Demirtaş, PKK’nın Çatışma Söylemini Siyasete Taşıdı
Yeni sistemden etkilenecek diğer parti ise kaçınılmaz bir şekilde HDP olacaktır. HDP’nin yakın geçmişte siyaset sahnesinde üstlendiği işlevi iki safhaya ayırabiliriz: Birincisi çözüm süreci sırasında oynadığı anahtar role işaret eder. Çözüm süreci terör örgütü PKK’ya silah bıraktırmayı hedefleyen tarihi adımlardan birisiydi. Bu süreçte PKK’nın sadece kapalı kapılar ardında yürütülen görüşmelerle silahsızlandırılmasının mümkün olmadığı düşünülmüş, HDP kolaylaştırıcı rol oynaması açısından sürece dahil edilmiştir. HDP’li siyasetçiler bu süreçte Kandil ve İmralı ile görüşmeler yapmış, Türkiyelileşme söylemi ve pozitif politikaları arkalarındaki toplumsal desteğin artmasına neden olmuş, seçimlerde barajı geçerek -parlamentoda az sayıdaki sandalyeye rağmen- kilit role sahip parti haline gelmiştir.
HDP’nin ikinci dönemi çözüm sürecinin kesintiye uğrayacağının anlaşıldığı zaman dilimine, 7 Haziran seçimlerinin arefesine denk gelir. Terör örgütü PKK’nın Suriye’nin kuzeyindeki kazanımlarını korumak, bu çatışmayı Türkiye’ye taşımak için aldığı çözüm sürecini bitirme kararı ve akabinde düzenlenen terör saldırıları HDP’nin de marjinalleşmesine yol açmıştır. PKK’nın çözüm sürecini bitirme kararı alması üzerine HDP yönetimi de sert muhalefet çizgisine kaymış, HDP Eş Genel Başkanı Selahattin Demirtaş 7 Mart 2015’te “Seni başkan yaptırmayacağız” çıkışı yaparak Cumhurbaşkanı Erdoğan düşmanlığı üzerinden PKK’nın çatışma stratejisini siyasal alana taşımıştır. 7 Haziran seçimlerinin ardından yine Demirtaş’ın çağrısı ile PKK’nın Türkiye’de sokakları karıştırma stratejisinde HDP’li siyasetçiler başat rol oynamıştır.
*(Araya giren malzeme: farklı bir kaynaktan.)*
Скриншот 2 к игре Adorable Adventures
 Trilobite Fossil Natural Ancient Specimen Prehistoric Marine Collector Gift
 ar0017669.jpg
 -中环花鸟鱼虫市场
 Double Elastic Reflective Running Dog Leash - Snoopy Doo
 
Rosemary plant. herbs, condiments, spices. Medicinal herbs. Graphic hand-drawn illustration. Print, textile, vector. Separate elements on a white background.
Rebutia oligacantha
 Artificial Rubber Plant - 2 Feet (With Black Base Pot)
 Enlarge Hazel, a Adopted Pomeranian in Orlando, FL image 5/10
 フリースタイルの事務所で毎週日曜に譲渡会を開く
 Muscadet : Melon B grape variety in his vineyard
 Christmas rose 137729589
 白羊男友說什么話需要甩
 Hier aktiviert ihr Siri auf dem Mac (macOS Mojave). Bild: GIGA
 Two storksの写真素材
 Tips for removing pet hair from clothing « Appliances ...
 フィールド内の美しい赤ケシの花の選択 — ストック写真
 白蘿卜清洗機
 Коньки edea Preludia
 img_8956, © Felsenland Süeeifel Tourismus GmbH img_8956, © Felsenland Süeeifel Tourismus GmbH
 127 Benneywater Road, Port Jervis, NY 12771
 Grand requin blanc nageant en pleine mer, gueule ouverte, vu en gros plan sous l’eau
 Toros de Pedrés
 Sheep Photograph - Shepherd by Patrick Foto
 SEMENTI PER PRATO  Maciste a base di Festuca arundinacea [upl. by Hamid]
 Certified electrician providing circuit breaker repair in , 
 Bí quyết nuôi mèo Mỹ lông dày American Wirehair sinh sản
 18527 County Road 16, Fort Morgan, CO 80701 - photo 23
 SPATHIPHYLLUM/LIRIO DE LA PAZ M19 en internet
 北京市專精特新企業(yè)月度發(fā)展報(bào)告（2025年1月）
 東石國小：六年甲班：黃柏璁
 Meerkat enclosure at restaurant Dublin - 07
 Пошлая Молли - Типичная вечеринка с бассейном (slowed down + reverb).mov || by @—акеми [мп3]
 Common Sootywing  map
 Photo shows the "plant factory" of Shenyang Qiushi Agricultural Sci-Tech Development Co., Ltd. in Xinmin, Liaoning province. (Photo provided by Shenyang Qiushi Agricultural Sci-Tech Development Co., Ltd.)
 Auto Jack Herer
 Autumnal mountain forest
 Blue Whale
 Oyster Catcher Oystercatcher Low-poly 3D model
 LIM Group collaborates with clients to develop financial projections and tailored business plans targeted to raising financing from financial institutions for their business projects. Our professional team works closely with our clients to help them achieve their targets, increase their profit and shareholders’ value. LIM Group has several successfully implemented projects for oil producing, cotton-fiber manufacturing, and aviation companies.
Türkiye’de terör faaliyetleri arttıkça HDP siyasal parti gibi davranmayı bir kenara bırakarak terör örgütü PKK’nın sözcülüğüne soyunmuştur.
HDP’nin terörle arasına mesafe koyamayarak meşruiyet dışı bir politika belirlemesi ağır bedeller ödemesine neden olmuştur. Terör örgütünün kanlı eylemlerini kınamak bir yana bu saldırılara arka çıkan yönetici ve milletvekilleri tutuklanmış, partinin bu tavrı tabanda da ciddi soru işaretlerine neden olmuştur. HDP’nin özellikle bölgede büyük bir meşruiyet sorgulaması ve yabancılaşma kriziyle karşı karşıya olduğunu vurgulamak gerekmektedir.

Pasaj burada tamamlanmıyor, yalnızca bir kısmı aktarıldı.